Are you asking for an article specific to milk v almond milk, or the general principle regarding added sugar vs sugar in whole or minimally processed foods?
From the cited article is this:
The results showed that bovine milk had the lowest glycemic index (GI = 47) followed by calcium-enriched organic soy drink (GI = 48). The rest of the plant-based milk alternatives had a glycemic index between 49 and 64, with the exception of rice drinks and coconut drink, which showed very high estimated GI values, even up to 100. The high estimated glycemic index in these plant-based drinks may be due to the added sugars or sweeteners [7].

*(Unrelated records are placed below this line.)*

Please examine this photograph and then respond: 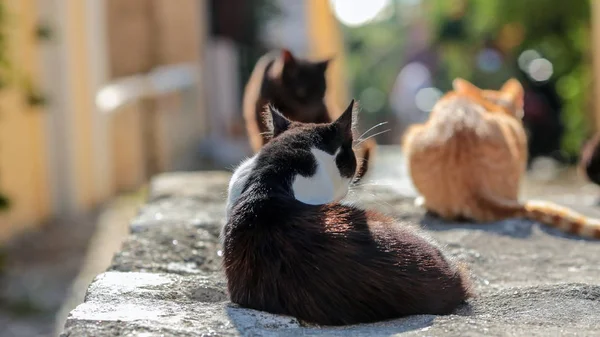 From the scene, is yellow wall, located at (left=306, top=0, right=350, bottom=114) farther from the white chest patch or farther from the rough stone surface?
the white chest patch

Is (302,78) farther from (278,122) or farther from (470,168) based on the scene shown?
(278,122)

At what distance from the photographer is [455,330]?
212 cm

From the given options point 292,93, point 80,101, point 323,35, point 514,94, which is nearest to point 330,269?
point 292,93

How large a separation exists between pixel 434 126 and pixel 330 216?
2.00 metres

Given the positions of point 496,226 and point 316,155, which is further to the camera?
point 496,226

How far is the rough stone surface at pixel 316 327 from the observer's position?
215 centimetres

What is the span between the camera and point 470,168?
412 cm

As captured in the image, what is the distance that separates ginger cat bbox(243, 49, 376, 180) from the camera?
15.4ft

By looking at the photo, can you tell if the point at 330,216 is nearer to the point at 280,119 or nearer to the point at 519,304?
the point at 280,119

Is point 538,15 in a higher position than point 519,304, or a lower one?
higher

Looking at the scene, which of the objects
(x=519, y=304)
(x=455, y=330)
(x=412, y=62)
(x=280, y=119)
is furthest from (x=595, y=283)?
(x=412, y=62)

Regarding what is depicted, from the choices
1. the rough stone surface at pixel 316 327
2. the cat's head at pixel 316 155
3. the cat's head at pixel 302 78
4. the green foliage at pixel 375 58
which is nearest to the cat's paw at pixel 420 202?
the rough stone surface at pixel 316 327

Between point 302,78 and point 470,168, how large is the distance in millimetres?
1197

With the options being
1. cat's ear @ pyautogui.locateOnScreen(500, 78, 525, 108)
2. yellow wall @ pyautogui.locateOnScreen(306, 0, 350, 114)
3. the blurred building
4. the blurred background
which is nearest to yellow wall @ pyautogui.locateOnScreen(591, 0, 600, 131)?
the blurred background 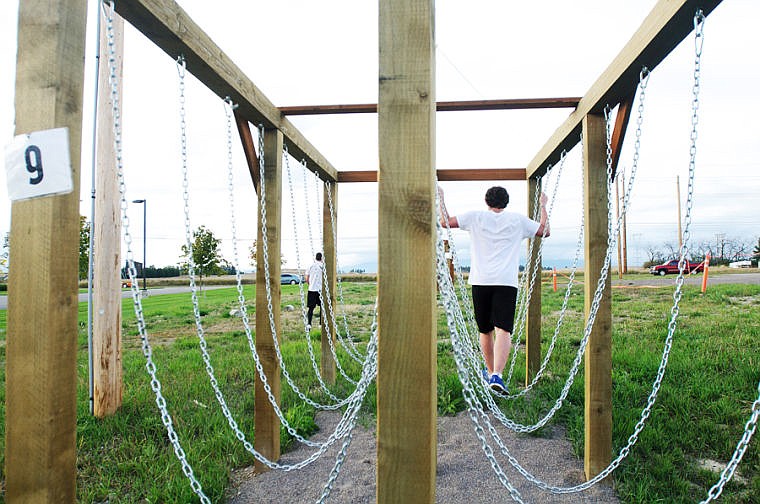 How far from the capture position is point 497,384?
4086mm

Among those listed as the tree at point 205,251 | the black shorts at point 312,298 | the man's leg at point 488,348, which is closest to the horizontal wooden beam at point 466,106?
the man's leg at point 488,348

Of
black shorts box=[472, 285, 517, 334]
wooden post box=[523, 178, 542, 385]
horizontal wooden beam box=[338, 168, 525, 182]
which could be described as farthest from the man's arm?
horizontal wooden beam box=[338, 168, 525, 182]

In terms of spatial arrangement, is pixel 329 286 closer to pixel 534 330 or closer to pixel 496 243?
pixel 496 243

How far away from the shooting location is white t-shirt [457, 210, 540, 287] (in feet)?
13.2

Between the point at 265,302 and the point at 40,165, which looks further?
the point at 265,302

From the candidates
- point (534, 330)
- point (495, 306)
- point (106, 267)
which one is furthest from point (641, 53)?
point (106, 267)

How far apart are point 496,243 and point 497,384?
119 cm

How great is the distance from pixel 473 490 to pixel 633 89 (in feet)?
7.81

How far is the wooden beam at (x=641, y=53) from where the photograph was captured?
192 centimetres

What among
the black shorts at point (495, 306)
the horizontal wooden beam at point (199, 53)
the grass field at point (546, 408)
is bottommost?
the grass field at point (546, 408)

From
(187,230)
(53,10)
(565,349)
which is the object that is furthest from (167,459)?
(565,349)

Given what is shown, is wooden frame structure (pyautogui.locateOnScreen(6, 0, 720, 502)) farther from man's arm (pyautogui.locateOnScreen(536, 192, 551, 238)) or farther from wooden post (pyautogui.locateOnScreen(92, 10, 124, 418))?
man's arm (pyautogui.locateOnScreen(536, 192, 551, 238))

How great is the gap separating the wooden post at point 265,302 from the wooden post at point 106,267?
4.89 feet

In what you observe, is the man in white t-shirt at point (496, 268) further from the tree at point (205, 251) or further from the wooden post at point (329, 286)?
the tree at point (205, 251) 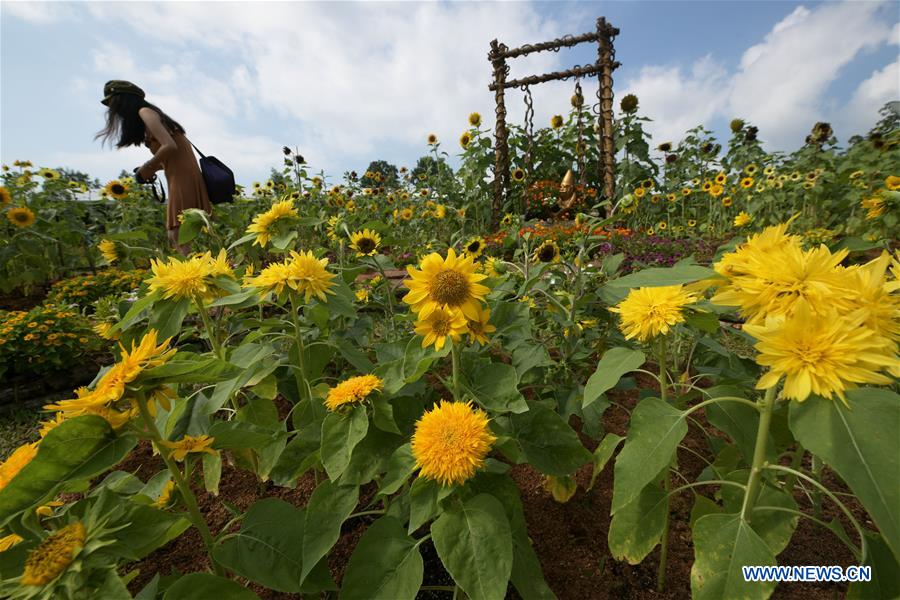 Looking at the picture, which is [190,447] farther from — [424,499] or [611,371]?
[611,371]

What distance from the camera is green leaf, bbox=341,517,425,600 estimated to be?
84 centimetres

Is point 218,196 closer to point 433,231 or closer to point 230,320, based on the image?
point 230,320

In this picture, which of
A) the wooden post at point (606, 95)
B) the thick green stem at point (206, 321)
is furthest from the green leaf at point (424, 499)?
the wooden post at point (606, 95)

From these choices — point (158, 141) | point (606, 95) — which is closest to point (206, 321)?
point (158, 141)

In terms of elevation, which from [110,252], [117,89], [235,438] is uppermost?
[117,89]

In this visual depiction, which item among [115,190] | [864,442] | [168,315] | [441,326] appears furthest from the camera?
[115,190]

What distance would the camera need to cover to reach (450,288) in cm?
109

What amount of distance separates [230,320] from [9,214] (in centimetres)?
466

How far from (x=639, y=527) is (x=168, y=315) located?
1398 millimetres

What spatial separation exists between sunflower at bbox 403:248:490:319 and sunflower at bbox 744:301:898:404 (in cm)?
63

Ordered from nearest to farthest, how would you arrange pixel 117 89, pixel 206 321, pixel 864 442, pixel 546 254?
pixel 864 442, pixel 206 321, pixel 546 254, pixel 117 89

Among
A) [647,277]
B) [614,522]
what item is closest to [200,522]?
[614,522]

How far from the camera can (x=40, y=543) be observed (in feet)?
2.31

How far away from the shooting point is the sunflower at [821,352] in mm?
612
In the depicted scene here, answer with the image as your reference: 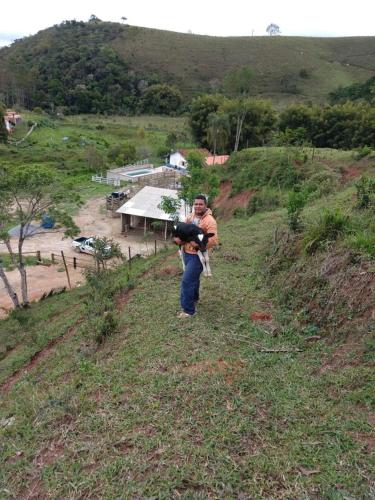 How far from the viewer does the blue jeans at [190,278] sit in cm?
543

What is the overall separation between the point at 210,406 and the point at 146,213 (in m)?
18.7

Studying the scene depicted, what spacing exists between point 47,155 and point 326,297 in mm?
41952

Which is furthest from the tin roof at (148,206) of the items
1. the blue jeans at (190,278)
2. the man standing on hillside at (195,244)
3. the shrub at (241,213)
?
the man standing on hillside at (195,244)

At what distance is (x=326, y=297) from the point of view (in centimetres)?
532

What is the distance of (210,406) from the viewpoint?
153 inches

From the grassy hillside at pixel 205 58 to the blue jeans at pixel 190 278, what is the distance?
68.0 meters

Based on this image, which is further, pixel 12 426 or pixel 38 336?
pixel 38 336

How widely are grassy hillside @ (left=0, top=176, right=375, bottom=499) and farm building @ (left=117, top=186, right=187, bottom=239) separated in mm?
15345

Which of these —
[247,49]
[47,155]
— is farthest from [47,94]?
[247,49]

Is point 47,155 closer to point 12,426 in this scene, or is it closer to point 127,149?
point 127,149

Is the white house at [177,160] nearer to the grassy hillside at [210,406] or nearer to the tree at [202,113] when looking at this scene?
the tree at [202,113]

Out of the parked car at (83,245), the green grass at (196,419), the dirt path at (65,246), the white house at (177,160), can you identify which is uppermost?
the green grass at (196,419)

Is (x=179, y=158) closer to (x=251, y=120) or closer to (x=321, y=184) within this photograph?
(x=251, y=120)

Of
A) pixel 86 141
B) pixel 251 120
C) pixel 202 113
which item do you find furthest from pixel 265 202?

Honestly I don’t think those differences (other than the rice and coconut) matter much.
The bigger deal is the difference between sugar contained eating say a cup of cherries vs a cookie with the same total sugar content.
It is not the kind of sugar. It is how it is packaged.
FWIW, I have compared half-and-half to vanilla almond milk in my coffee with a CGM and the cream gets no spike where the almond milk creates as much as a 20 point spike. I assume the milk fat is a moderator.